● TASK DIRECTIONS
Among the records below, one line contains "平层丨【一米家居】人生海海，极简感受-12"; copy that line and all that follow it, exactly as written.

---- DATA

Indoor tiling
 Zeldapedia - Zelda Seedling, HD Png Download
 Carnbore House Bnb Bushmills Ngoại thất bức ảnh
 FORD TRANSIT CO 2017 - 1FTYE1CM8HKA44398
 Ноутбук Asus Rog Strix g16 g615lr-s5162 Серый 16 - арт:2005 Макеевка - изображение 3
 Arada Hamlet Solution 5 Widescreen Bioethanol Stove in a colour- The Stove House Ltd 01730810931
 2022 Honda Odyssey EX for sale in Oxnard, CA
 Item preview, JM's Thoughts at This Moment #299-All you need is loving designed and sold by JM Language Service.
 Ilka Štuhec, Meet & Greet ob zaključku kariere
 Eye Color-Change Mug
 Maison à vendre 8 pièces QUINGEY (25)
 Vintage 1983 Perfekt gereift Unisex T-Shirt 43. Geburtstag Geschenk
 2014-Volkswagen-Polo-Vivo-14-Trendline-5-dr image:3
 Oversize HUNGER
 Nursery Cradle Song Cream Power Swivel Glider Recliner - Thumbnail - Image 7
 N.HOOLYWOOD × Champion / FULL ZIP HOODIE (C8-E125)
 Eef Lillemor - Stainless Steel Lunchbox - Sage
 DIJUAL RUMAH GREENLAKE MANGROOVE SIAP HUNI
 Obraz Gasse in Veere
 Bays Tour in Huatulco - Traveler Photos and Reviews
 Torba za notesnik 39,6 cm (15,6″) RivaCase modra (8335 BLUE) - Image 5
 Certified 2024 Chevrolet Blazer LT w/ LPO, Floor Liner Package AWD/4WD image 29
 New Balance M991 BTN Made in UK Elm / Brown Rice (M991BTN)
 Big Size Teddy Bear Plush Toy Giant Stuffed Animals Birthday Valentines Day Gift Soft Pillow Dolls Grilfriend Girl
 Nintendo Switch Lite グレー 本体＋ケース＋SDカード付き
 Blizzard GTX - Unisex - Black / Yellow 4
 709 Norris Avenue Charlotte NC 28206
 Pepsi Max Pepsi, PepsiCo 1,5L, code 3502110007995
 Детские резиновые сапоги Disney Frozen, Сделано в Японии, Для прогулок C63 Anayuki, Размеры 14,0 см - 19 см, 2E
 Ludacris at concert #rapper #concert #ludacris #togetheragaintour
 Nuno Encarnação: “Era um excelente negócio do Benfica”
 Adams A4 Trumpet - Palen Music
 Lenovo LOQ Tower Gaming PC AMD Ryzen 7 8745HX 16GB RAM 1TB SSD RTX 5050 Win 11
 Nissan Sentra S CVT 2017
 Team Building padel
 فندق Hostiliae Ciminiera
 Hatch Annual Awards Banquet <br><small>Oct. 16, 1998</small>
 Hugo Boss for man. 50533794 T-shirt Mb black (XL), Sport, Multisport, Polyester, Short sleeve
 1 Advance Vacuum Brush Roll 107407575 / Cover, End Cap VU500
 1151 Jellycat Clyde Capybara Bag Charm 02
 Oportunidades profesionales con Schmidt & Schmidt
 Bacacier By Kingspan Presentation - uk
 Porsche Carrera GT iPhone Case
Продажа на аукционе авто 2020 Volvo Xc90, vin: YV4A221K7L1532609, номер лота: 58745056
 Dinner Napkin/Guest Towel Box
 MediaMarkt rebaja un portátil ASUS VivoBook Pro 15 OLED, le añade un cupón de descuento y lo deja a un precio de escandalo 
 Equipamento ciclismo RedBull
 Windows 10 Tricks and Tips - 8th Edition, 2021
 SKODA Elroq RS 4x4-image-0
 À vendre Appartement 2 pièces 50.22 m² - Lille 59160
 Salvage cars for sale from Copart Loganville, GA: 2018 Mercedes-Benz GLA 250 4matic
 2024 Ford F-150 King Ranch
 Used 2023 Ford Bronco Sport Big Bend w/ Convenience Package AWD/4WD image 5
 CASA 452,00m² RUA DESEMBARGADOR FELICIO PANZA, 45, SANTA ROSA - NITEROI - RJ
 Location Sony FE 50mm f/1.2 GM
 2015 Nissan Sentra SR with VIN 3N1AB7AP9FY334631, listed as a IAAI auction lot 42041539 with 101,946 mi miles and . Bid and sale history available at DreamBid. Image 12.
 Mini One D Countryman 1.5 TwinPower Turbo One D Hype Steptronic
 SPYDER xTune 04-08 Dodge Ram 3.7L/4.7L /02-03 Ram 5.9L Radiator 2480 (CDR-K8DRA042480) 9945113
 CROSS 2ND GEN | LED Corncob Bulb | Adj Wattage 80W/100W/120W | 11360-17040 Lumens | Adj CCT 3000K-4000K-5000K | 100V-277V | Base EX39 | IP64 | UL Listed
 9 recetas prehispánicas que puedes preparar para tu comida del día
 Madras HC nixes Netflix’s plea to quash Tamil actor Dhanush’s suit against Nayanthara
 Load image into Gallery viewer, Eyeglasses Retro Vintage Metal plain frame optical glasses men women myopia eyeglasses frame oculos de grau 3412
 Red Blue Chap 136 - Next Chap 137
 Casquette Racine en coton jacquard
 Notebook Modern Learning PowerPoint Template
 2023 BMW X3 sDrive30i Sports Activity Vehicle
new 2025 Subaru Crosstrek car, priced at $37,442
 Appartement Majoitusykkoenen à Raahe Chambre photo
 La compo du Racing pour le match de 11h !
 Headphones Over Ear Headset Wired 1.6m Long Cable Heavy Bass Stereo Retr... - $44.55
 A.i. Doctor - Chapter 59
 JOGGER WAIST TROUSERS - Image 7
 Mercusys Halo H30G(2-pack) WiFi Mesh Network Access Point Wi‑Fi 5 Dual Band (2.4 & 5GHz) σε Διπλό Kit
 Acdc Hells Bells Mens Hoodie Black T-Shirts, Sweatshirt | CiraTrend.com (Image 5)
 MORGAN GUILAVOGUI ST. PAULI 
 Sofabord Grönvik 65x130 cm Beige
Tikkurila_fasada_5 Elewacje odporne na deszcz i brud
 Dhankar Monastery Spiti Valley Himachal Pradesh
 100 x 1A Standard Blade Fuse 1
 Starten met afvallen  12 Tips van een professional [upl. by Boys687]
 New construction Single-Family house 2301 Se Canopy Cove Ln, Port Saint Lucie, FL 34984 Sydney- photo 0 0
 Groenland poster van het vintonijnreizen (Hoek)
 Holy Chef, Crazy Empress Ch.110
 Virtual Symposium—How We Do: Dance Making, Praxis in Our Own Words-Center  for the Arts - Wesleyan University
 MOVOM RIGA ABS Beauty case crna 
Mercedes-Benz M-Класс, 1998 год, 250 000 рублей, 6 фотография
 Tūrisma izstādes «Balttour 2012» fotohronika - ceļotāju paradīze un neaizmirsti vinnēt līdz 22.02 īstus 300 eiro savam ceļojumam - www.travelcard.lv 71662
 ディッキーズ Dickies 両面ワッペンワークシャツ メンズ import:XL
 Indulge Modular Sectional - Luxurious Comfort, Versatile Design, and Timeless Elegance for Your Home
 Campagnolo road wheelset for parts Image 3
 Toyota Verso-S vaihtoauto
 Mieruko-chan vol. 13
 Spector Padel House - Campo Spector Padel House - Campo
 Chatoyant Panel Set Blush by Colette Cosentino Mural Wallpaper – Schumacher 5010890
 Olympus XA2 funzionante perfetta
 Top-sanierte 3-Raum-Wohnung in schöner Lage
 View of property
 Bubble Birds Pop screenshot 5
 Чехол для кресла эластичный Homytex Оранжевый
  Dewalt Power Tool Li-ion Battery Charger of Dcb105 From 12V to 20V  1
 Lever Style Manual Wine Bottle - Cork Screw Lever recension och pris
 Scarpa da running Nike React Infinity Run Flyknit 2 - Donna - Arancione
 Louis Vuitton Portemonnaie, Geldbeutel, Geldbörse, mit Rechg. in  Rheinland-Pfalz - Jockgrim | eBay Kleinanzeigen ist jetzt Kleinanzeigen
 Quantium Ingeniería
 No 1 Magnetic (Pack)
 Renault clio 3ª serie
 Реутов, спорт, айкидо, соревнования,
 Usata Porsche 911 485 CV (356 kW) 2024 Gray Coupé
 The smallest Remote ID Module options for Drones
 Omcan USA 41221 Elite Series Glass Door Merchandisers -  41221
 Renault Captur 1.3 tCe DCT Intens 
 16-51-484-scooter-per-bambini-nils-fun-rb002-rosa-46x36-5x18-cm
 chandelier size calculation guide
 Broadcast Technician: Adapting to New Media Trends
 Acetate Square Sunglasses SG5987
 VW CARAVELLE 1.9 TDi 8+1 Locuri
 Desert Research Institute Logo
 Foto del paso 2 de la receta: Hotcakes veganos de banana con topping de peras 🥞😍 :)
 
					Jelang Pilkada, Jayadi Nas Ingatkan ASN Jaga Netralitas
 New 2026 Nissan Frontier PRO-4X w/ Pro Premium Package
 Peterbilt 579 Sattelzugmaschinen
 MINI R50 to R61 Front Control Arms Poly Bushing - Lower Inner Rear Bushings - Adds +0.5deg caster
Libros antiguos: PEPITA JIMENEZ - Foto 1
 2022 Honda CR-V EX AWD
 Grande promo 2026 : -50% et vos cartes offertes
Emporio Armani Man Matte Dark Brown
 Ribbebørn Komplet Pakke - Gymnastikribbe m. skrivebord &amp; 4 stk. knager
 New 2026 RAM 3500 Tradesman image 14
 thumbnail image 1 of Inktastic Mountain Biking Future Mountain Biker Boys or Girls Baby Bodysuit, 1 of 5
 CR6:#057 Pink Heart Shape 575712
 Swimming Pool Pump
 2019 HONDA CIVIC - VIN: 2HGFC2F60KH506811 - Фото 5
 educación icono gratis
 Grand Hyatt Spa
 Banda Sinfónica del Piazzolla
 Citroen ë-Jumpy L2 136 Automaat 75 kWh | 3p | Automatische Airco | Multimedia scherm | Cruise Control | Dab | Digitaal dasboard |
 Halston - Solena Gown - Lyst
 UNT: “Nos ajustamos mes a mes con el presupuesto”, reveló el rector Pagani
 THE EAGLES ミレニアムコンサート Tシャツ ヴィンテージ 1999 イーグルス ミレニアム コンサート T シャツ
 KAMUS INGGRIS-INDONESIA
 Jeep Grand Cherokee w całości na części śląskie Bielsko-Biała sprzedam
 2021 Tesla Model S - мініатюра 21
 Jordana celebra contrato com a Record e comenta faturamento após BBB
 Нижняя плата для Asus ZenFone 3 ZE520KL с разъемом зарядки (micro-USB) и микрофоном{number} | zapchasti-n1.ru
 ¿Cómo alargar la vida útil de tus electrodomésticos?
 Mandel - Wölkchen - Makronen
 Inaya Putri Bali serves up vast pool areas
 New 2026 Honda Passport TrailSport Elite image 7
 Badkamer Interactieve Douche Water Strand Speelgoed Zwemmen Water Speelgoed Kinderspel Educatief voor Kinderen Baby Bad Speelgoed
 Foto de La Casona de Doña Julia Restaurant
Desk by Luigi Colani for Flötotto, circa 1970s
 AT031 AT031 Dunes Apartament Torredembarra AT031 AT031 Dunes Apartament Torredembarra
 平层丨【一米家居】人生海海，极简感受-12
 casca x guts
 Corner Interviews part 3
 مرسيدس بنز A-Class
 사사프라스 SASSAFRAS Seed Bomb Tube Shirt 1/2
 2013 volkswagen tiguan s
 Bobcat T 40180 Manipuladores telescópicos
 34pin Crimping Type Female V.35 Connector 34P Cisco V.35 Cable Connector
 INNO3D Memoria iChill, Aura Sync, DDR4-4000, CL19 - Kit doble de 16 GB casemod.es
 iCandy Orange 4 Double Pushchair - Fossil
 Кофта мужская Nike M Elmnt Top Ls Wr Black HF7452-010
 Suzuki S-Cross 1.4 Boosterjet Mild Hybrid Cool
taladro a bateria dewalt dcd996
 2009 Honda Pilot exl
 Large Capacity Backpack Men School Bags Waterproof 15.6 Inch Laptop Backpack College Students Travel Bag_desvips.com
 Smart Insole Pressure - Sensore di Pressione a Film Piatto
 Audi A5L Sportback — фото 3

--------

● RESULT OF THIS TASK
 平层丨【一米家居】人生海海，极简感受-12
 casca x guts
 Corner Interviews part 3
 مرسيدس بنز A-Class
 사사프라스 SASSAFRAS Seed Bomb Tube Shirt 1/2
 2013 volkswagen tiguan s
 Bobcat T 40180 Manipuladores telescópicos
 34pin Crimping Type Female V.35 Connector 34P Cisco V.35 Cable Connector
 INNO3D Memoria iChill, Aura Sync, DDR4-4000, CL19 - Kit doble de 16 GB casemod.es
 iCandy Orange 4 Double Pushchair - Fossil
 Кофта мужская Nike M Elmnt Top Ls Wr Black HF7452-010
 Suzuki S-Cross 1.4 Boosterjet Mild Hybrid Cool
taladro a bateria dewalt dcd996
 2009 Honda Pilot exl
 Large Capacity Backpack Men School Bags Waterproof 15.6 Inch Laptop Backpack College Students Travel Bag_desvips.com
 Smart Insole Pressure - Sensore di Pressione a Film Piatto
 Audi A5L Sportback — фото 3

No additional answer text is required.